In controlled RA clinical trials, the most common adverse events that occurred in greater than or equal to 3% of patients taking certolizumab pegol 200mg every other week with concomitant methotrexate (n=640) and more frequently than with placebo with concomitant methotrexate (n=324) were upper respiratory tract infection (6% certolizumab pegol, 2% placebo), headache (5% certolizumab pegol, 4% placebo), hypertension (5% certolizumab pegol, 2% placebo), nasopharyngitis (5% certolizumab pegol, 1% placebo), back pain (4% certolizumab pegol, 1% placebo), pyrexia (3% certolizumab pegol, 2% placebo), pharyngitis (3% certolizumab pegol, 1% placebo), rash (3% certolizumab pegol, 1% placebo), acute bronchitis (3% certolizumab pegol,1% placebo), fatigue (3% certolizumab pegol, 1% placebo). Hypertensive adverse reactions were observed more frequently in patients receiving certolizumab pegol than in controls. These adverse reactions occurred more frequently among patients with a baseline history of hypertension and among patients receiving concomitant corticosteroids and nonsteroidal anti-inflammatory drugs. Patients receiving certolizumab pegol 400mg as monotherapy every 4 weeks in RA controlled clinical trials had similar adverse reactions to those patients receiving certolizumab pegol 200mg every other week. The proportion of patients who discontinued treatment due to adverse reactions in the controlled clinical studies was 5% for certolizumab pegol and 2.5% for placebo.
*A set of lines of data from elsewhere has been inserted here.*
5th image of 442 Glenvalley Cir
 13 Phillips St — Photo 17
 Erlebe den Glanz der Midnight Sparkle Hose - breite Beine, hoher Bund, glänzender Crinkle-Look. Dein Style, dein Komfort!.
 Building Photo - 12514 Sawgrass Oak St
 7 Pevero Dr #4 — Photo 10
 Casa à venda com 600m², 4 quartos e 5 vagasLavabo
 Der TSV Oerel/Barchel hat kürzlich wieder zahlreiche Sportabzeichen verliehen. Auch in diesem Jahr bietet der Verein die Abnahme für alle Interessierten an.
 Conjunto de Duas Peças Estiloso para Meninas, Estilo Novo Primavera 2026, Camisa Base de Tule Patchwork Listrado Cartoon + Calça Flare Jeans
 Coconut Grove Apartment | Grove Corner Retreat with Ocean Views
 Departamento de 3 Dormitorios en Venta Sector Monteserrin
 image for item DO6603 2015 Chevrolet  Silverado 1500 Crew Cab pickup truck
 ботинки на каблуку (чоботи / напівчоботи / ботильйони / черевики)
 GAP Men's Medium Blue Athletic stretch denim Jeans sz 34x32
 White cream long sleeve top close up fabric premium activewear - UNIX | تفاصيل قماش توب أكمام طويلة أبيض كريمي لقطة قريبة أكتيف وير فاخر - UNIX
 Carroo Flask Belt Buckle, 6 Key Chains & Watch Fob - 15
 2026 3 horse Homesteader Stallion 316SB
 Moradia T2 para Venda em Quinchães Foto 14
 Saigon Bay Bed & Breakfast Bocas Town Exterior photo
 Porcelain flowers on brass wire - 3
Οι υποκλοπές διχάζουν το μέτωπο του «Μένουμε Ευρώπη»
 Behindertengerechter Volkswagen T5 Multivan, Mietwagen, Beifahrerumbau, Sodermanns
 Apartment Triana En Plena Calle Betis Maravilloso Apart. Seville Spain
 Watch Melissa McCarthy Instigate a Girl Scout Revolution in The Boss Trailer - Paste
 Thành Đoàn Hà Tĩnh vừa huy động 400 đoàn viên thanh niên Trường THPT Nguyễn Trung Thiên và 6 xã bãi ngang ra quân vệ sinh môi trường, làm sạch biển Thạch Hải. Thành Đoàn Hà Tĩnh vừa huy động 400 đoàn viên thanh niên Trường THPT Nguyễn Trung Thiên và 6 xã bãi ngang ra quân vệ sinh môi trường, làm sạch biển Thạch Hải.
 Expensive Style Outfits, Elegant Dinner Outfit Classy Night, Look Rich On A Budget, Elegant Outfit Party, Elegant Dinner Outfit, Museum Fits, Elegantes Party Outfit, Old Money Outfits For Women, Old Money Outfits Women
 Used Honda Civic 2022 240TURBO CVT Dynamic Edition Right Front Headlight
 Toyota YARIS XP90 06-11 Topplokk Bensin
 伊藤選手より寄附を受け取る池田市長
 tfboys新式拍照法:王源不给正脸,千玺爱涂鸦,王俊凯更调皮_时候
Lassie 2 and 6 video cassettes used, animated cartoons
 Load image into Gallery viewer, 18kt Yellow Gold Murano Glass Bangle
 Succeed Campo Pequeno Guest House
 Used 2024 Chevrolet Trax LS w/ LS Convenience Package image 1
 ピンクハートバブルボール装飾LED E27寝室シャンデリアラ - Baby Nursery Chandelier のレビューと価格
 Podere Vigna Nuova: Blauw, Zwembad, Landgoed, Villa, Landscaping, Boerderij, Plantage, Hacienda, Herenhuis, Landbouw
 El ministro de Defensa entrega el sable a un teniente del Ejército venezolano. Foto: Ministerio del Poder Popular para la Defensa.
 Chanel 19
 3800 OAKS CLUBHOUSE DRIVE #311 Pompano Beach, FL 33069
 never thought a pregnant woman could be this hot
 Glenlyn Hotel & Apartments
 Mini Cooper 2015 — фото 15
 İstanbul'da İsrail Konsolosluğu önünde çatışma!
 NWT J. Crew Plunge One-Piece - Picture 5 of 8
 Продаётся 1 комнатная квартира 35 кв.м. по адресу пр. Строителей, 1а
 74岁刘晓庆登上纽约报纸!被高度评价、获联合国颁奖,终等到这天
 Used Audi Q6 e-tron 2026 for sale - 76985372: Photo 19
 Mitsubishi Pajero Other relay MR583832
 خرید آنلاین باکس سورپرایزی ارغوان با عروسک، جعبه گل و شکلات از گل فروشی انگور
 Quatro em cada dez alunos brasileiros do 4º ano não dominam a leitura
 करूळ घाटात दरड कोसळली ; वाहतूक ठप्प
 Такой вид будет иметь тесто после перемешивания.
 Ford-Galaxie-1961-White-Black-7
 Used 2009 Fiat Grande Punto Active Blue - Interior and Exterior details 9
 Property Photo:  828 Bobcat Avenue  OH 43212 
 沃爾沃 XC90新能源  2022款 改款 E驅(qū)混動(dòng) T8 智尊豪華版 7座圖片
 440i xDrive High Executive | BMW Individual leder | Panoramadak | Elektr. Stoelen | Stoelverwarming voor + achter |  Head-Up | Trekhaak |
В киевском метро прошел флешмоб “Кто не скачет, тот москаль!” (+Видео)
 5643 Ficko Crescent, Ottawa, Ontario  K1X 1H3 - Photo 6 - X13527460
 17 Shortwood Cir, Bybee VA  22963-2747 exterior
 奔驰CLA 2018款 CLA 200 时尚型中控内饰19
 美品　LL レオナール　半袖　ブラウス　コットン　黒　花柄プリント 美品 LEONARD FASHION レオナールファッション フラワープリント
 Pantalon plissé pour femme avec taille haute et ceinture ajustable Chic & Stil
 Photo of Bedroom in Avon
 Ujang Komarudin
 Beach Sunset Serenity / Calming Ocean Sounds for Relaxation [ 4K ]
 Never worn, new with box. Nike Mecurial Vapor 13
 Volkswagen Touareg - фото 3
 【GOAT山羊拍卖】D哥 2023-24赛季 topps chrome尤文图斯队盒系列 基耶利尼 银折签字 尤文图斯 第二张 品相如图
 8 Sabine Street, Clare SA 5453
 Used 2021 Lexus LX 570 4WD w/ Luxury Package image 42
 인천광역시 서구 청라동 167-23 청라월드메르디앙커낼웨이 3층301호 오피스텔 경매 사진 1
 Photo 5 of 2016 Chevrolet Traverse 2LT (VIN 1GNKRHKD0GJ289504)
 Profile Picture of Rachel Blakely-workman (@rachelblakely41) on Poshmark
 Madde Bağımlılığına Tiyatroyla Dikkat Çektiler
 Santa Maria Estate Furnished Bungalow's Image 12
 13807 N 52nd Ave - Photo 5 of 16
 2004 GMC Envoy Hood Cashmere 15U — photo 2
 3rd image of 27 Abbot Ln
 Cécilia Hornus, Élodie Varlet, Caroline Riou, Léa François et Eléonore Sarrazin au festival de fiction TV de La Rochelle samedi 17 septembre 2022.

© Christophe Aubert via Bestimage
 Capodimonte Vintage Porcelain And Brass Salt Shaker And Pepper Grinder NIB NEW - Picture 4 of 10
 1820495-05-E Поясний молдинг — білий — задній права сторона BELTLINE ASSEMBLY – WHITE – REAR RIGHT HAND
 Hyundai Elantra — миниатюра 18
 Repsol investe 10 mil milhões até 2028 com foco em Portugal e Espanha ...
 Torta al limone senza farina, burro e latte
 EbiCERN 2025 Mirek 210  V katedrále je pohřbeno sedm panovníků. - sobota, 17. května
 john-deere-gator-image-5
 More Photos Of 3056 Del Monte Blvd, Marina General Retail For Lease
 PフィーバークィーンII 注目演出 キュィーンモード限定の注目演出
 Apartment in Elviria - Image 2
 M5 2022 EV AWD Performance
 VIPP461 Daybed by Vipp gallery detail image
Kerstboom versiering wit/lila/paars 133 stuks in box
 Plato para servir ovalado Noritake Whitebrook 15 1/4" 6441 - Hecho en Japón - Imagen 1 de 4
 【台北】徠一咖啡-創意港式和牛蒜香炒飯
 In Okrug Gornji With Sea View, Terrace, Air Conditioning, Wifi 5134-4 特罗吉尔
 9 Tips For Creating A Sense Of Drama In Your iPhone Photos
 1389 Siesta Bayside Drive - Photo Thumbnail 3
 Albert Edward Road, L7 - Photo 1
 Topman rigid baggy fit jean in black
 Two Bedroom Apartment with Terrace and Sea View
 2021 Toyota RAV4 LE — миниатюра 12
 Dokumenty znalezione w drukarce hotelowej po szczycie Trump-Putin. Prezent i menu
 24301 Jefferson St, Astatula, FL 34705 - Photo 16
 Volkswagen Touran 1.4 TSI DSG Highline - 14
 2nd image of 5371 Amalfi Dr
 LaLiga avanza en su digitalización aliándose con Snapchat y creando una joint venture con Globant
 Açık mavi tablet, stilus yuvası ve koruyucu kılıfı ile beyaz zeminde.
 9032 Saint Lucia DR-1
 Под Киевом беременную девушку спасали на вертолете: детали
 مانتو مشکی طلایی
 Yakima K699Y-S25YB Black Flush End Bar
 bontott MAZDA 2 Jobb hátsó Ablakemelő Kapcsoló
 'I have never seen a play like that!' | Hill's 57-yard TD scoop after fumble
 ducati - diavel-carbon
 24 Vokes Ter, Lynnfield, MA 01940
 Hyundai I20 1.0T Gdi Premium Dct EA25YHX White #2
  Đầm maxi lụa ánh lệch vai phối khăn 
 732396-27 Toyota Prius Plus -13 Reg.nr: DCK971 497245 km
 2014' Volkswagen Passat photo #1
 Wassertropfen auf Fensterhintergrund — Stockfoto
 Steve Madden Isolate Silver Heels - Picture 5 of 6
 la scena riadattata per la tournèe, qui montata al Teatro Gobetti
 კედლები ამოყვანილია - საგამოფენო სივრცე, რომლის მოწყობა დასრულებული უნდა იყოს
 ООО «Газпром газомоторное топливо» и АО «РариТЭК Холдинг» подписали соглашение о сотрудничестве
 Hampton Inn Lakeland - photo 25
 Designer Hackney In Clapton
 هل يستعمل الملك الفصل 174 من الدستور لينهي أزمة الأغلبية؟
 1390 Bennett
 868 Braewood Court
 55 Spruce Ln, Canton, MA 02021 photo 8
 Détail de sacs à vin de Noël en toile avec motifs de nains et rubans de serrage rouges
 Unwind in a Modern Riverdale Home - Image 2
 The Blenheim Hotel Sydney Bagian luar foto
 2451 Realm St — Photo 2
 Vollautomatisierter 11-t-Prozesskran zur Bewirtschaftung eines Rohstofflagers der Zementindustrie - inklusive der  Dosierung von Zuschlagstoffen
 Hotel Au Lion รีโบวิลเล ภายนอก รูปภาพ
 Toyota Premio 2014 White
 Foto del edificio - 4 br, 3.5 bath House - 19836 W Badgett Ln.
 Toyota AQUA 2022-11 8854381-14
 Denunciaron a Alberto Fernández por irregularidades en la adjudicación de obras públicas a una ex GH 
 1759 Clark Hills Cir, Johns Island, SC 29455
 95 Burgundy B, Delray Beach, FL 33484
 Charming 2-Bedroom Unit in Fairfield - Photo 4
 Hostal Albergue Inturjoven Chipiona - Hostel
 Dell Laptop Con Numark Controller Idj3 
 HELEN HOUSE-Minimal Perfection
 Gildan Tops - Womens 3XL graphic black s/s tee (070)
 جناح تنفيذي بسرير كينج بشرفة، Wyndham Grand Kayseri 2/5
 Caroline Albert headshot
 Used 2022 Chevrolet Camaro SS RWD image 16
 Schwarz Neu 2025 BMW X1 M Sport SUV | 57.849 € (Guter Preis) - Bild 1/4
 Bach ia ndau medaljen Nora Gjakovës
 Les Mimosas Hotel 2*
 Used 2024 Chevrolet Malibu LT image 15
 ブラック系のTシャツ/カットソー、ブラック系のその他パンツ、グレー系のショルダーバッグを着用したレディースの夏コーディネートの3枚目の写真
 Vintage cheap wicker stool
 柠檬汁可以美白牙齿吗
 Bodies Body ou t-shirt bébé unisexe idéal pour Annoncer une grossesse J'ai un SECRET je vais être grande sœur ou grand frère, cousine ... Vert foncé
Please see full prescribing information at www.cimzia.com before prescribing.
Cimzia® is the only PEGylated anti-TNF (Tumor Necrosis Factor). Cimzia® has a high affinity for human TNF-alpha, selectively neutralizing the pathophysiological effects of TNF-alpha. Over the past decade, TNF-alpha has emerged as a major target of basic research and clinical investigation. This cytokine plays a key role in mediating pathological inflammation, and excess TNF-alpha production has been directly implicated in a wide variety of diseases. The U.S. Food and Drug Administration (FDA) has approved Cimzia® for reducing signs and symptoms of Crohn's disease and maintaining clinical response in adult patients with moderately to severely active disease who have had an inadequate response to conventional therapy and for the treatment of adults with moderately to severely active rheumatoid arthritis. Cimzia® in combination with MTX, is approved in the EU for the treatment of moderate to severe active RA in adult patients inadequately responsive to disease-modifying antirheumatic drugs (DMARDs) including MTX. Cimzia® can be given as monotherapy in case of intolerance to MTX or when continued treatment with MTX is inappropriate. UCB is also developing Cimzia® in other autoimmune disease indications. Cimzia® is a registered trademark of UCB PHARMA S.A.
UCB, Brussels, Belgium (www.ucb.com) is a biopharmaceutical company dedicated to the research, development and commercialization of innovative medicines with a focus on the fields of central nervous system and immunology disorders. Employing more than 9000 people in over 40 countries, UCB produced revenue of EUR 3.22 billion in 2010. UCB is listed on Euronext Brussels (symbol: UCB).
This press release contains forward-looking statements based on current plans, estimates and beliefs of management. Such statements are subject to risks and uncertainties that may cause actual results to be materially different from those that may be implied by such forward-looking statements contained in this press release. Important factors that could result in such differences include: changes in general economic, business and competitive conditions, effects of future judicial decisions, changes in regulation, exchange rate fluctuations and hiring and retention of its employees.